Es difícil imaginar adónde nos conducirá este primer paso hacia la nada que es la independencia de Kosovo, declarada unilateralmente y pasándose por el arco del triunfo los más elementales principios de la legalidad internacional. Si admitimos que cualquier pueblo, sobre la base de sus señas étnicas o culturales, tiene derecho a marcar sus fronteras y constituir, dentro de ellas, un Estado propio, podría ocurrir que a algunos de los países que han dado el sí quiero al sonado divorcio se les pinchase el globo de la «grandeur», o se les quedase en cueros el » über alles».
España, como mínimo, tendría que fragmentarse en cuatro trozos. Y digo como mínimo porque en cada una de las porciones habría motivos más que suficientes para seguir cortando. ¿No tendrían derecho, por ejemplo los vascoespañoles, a declarar también su propio Estado? ¿Y qué hay de otras posibles diferencias?

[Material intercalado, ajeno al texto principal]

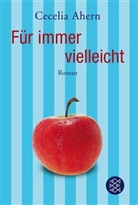Cecelia Ahern - Für immer vielleicht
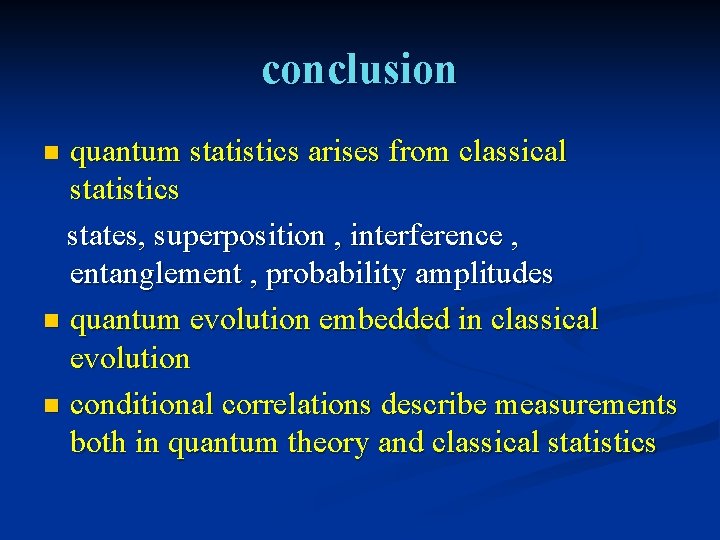 conclusion quantum statistics arises from classical statistics states, superposition , interference , entanglement ,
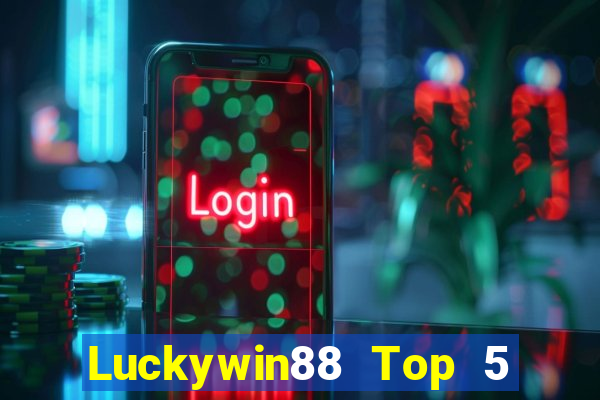 Luckywin88 Top 5 Game Bài Đổi Thưởng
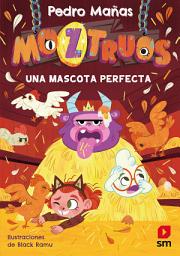 Icon image Moztruos 10: Una mascota perfecta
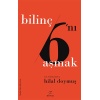 Bilinç Altını Aşmak - Bilinç 6’ını Aşmak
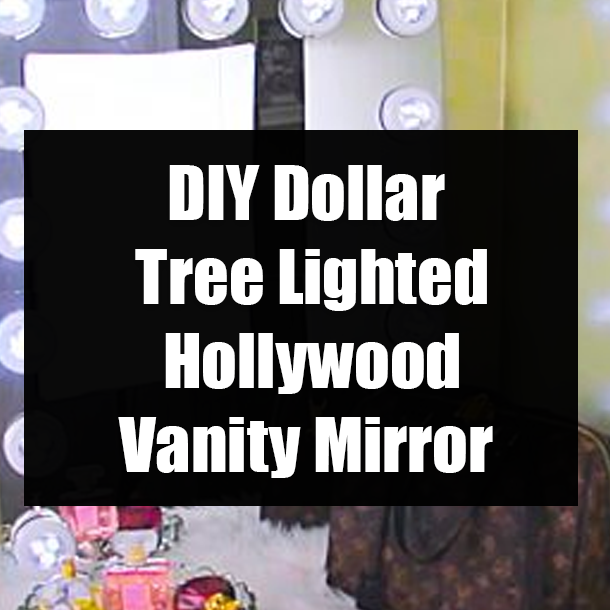 DIY Dollar Tree Lighted Hollywood Vanity Mirror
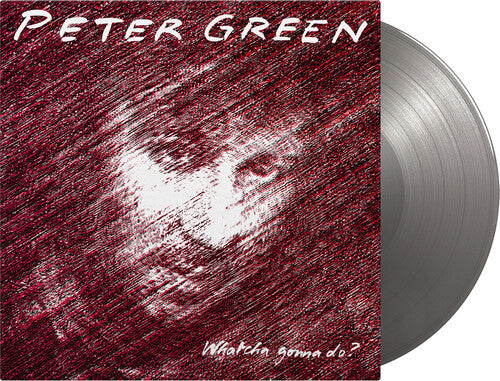 Peter Green Whatcha Gonna Do? (Limited Edition, 180 Gram Vinyl, Colored Vinyl, Silver) [Vinyl]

En una Europa nueva y a la carta, sólo habría que llamar al camarero y pedirle naciones como si fueran platos: aquí una de Galicia, aquí una de Bretaña, aquí una de Baviera, aquí una de Padania… Oído barra. ¡Marchando!

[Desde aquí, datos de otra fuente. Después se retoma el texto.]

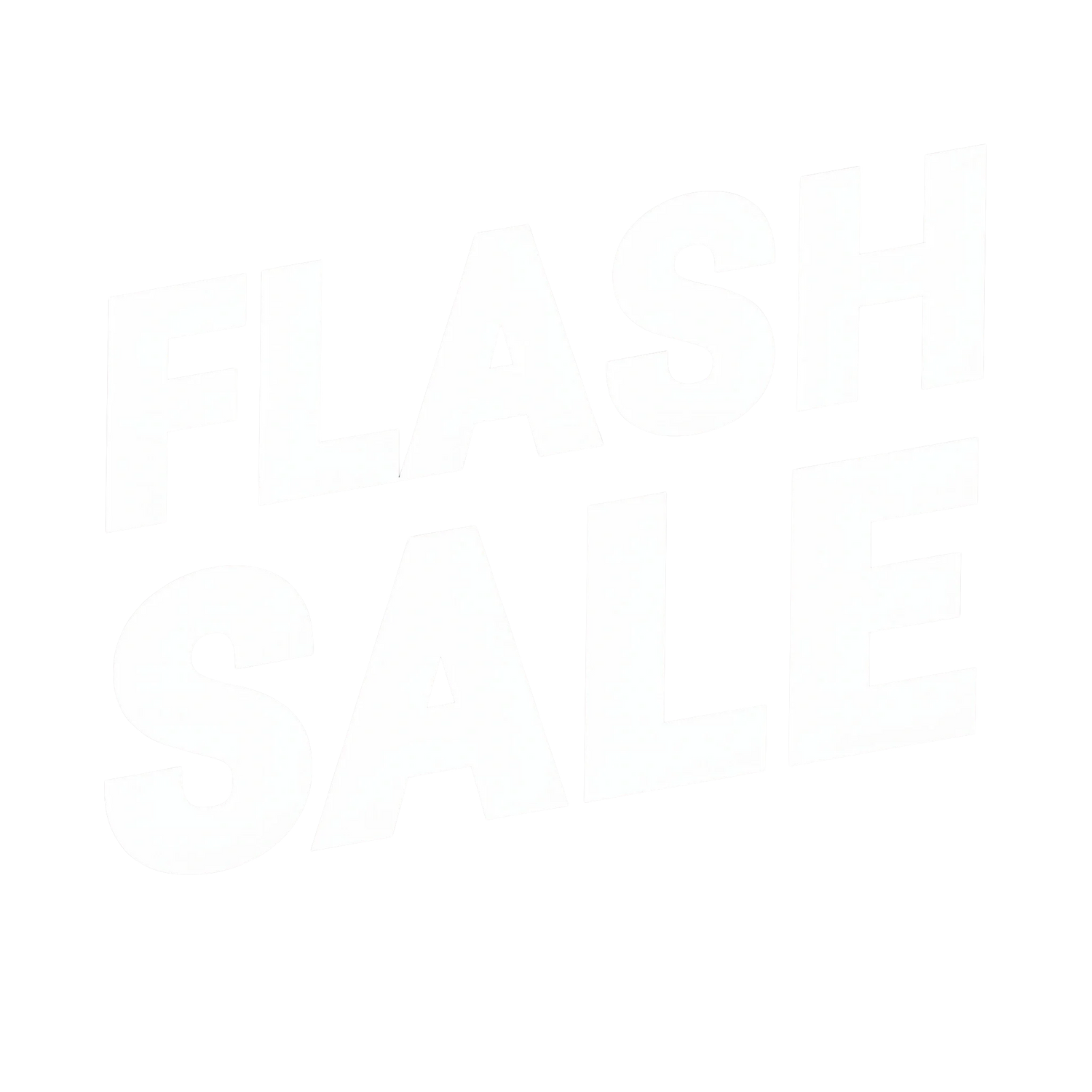 FLASH SALE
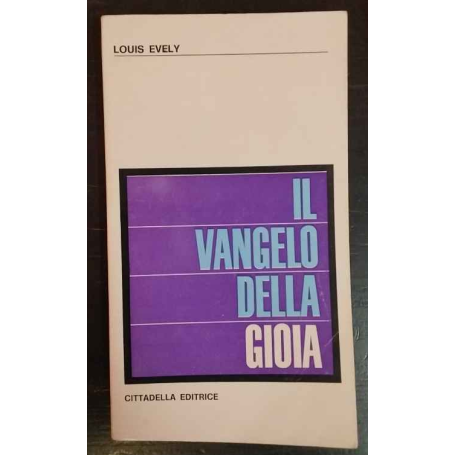 Il Vangelo della gioia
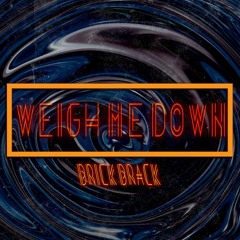 Weigh Me Down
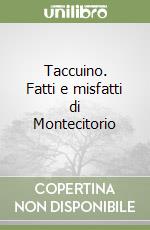 Taccuino. Fatti e misfatti di Montecitorio libro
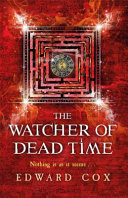 Watcher of Dead Time - Book Three (Cox Edward)(Paperback / softback)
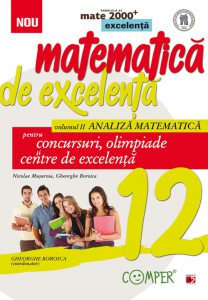 Matematica de excelenta. Clasa a XII-a. Volumul II \u2013 Analiza matematica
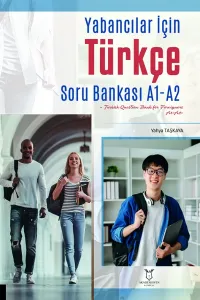 Yabancılar İçin Türkçe Soru Bankası A1-A2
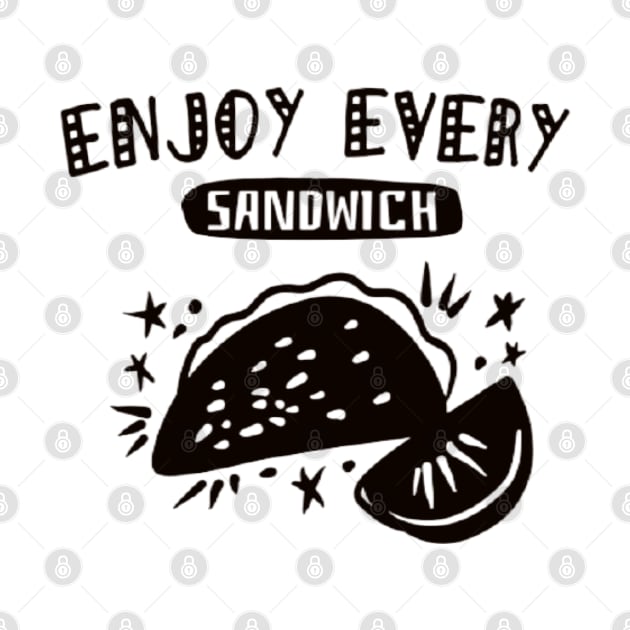Enjoy every sandwich by kirkomed
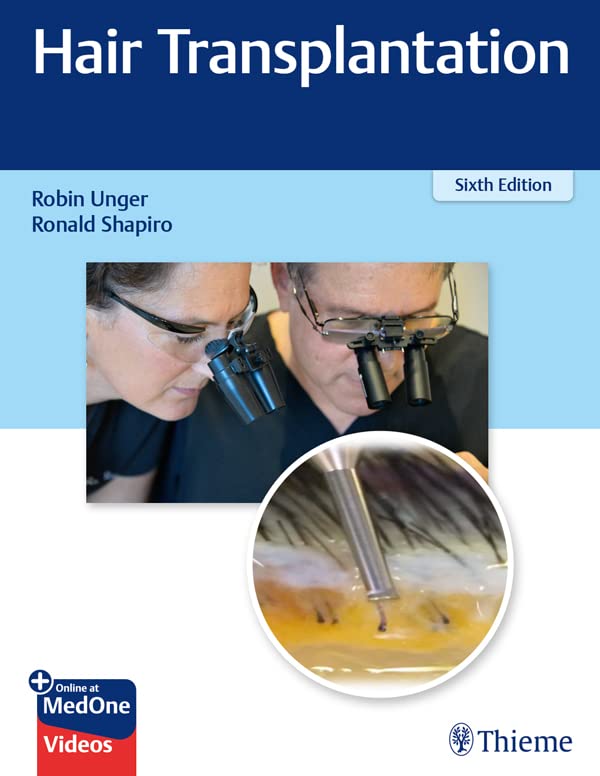 Hair Transplantation 6th Edition 6th Robin Unger Ronald Shapiro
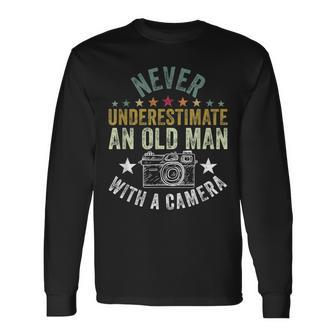 Never Underestimate An Old Man With A Camera Lover Cameraman Old Man Long Sleeve T-Shirt T-Shirt | Mazezy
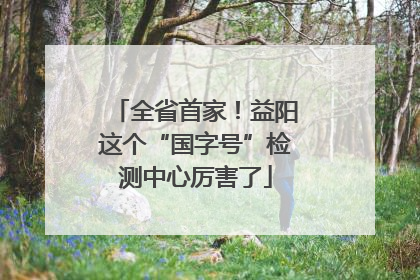全省首家！益阳这个“国字号”检测中心厉害了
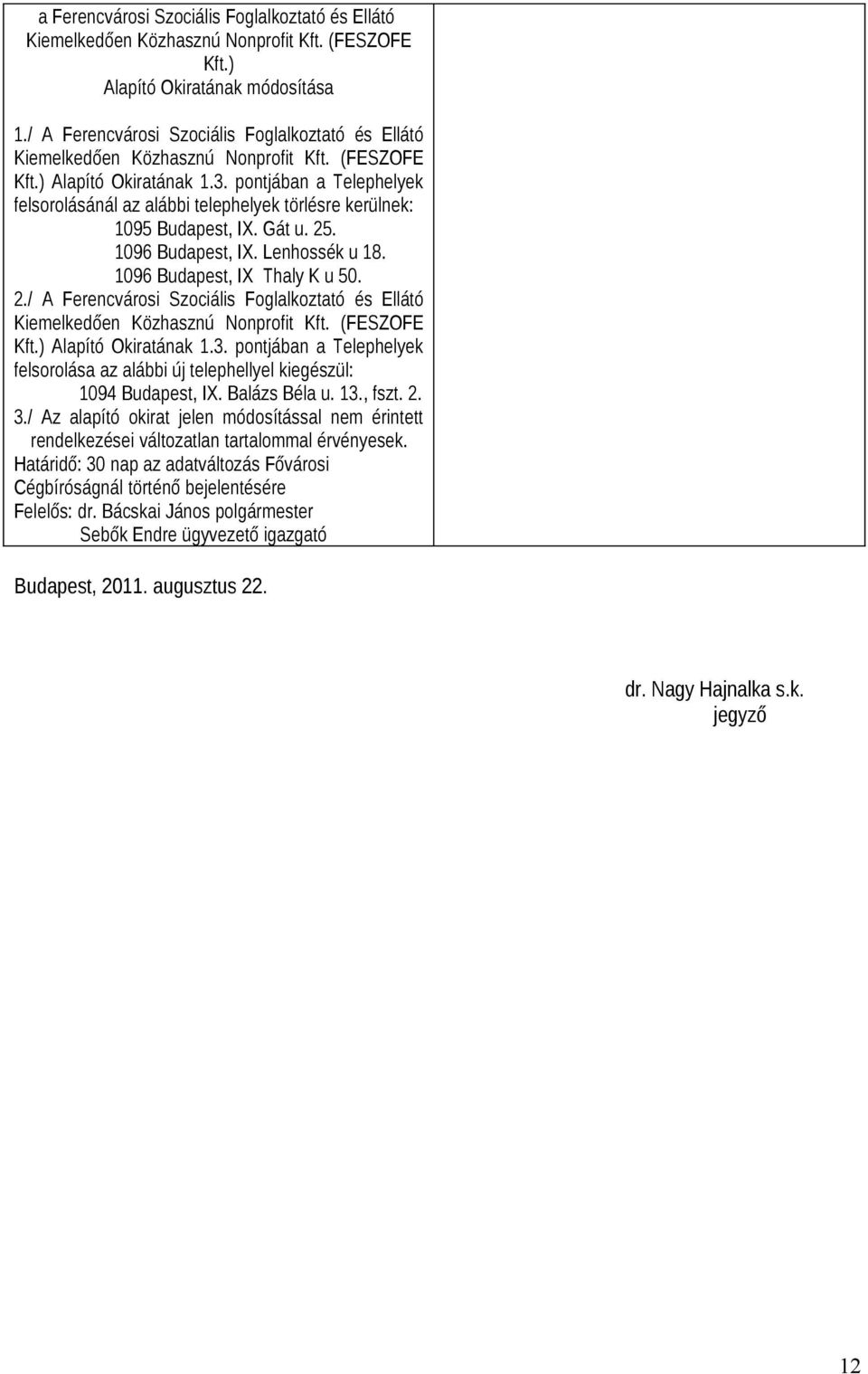 pontjában a Telephelyek felsorolásánál az alábbi telephelyek törlésre kerülnek: 1095 Budapest, IX. Gát u. 25. 1096 Budapest, IX. Lenhossék u 18. 1096 Budapest, IX Thaly K u 50. 2. pontjában a Telephelyek felsorolása az alábbi új telephellyel kiegészül: 1094 Budapest, IX.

Hechos diferenciales se me ocurren a cientos. Sin salir de Madrid, hay unos cuantos barrios con personalidad bien definida. A los de Chamberí, La Vaguada o Vallecas, los veo perfectamente como Estados. En otros sitios ya me pierdo un poco, pero a mí los arroces no me saben lo mismo en Castellón, Valencia y Alicante. De Murcia y Cartagena, ya mejor ni les hablo. Yo, para ir preparando mi propia independencia, promuevo mi idiolecto, que voy normalizando. Me faltan subvenciones, así es que las acepto. No veo el momento de decirle al mundo que soy la Presidenta de mi cuarto.